Paul Bloom, The Atlantic
In his just-published book, On Inequality, the philosopher Harry Frankfurt argues that economic equality has no intrinsic value. This is a moral claim, but it’s also a psychological one: Frankfurt suggests that if people take the time to reflect, they’ll realize that inequality isn’t really what’s bothering them.
**
It’s tempting
to see small-group behaviors as reflecting some natural preference for equal
treatment, but the anthropologist Christopher Boehm, who has extensively
studied these groups, tells a different story. He argues that these egalitarian structures emerge
because nobody wants to get screwed. Individuals in these societies end up roughly equal because
everyone is struggling to ensure that nobody gets too much power over him or
her. As I’ve discussed in my last book, Just Babies, there’s a sort of invisible-hand
egalitarianism at work in these groups. Boehm writes, “Individuals who
otherwise would be subordinated are clever enough to form a large and united
political coalition. ... Because the united subordinates are constantly putting
down the more assertive alpha types in their midst, egalitarianism is in effect
a bizarre type of political hierarchy: The weak combine forces to actively
dominate the strong.”
This analysis
helps us explain why such huge power differentials exist in the world right
now, where it’s far harder for the weak to team up to dominate the strong. As
Boehm tells it, in a small society, a wannabe dictator can be ignored or
ridiculed by everyone else, and if he doesn’t get the message, he can be beaten
up, expelled from the group, or killed.
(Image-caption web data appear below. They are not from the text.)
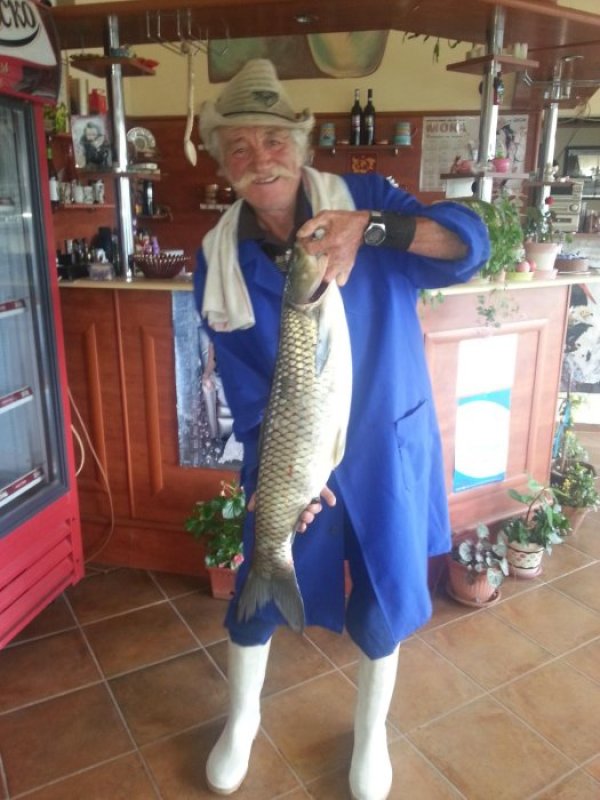 Снимка: Булфото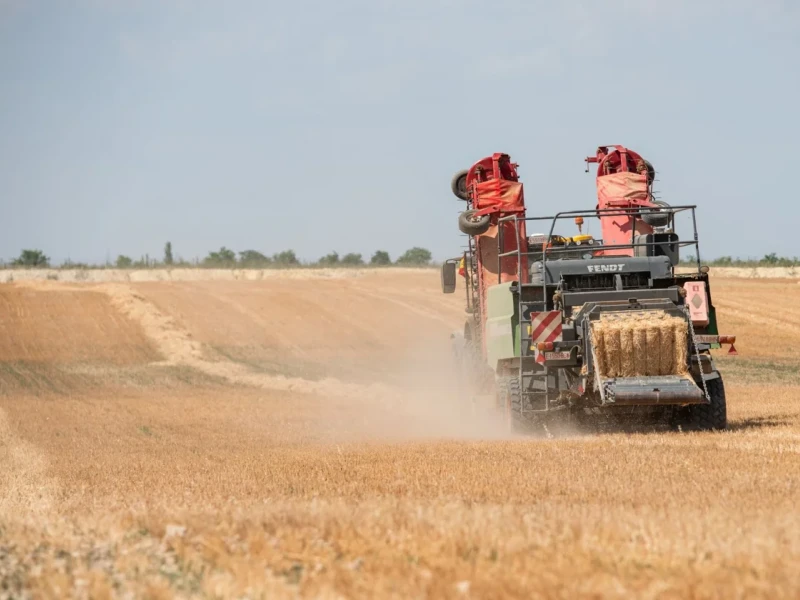El campo es uno de los sectores que más mano de obra necesita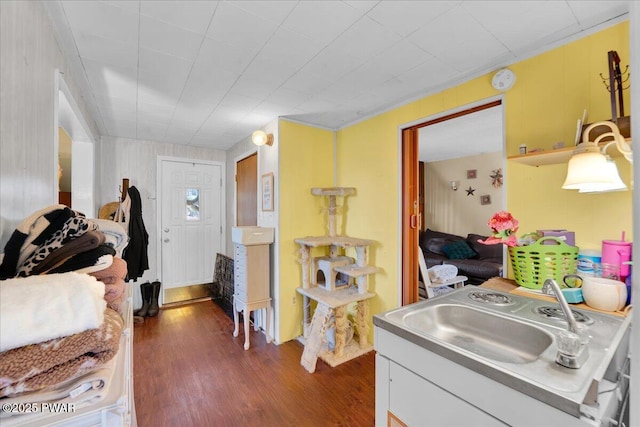 interior space with a sink, dark wood-style flooring, white cabinets, and light countertops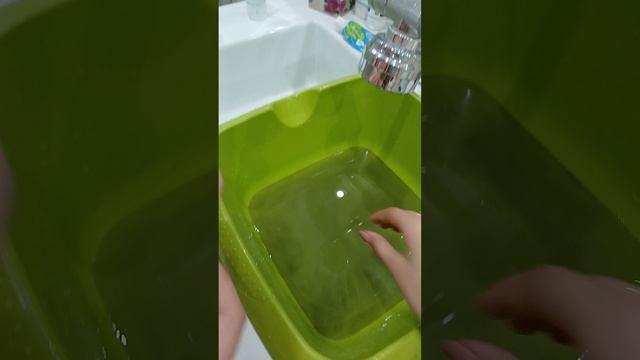 ватный диск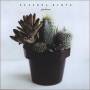 Rebecca Riots - Gardener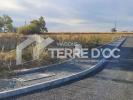 For sale Land Montans  655 m2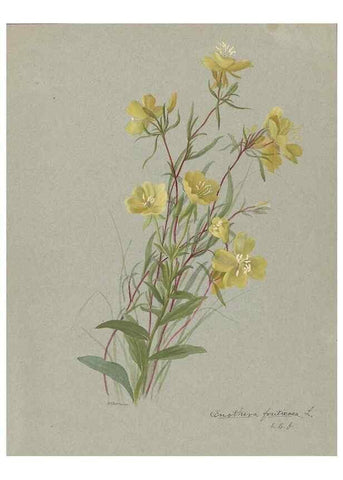 Reproducción/Reproduction 47965052842: Deborah Griscom Passmore watercolor album.. [ca. 1911].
But this is a harder trick to pull in a
society of millions where interactions are no longer face-to-face and where the
powerful have guns and gulags.
What we see from studies of children and studies of small-scale
societies is an early-emerging desire for fairness, and a particularly strong
motivation not to get less than anyone else. But we don’t find a smidgen of evidence
that humans or any other species naturally value equality for its sake.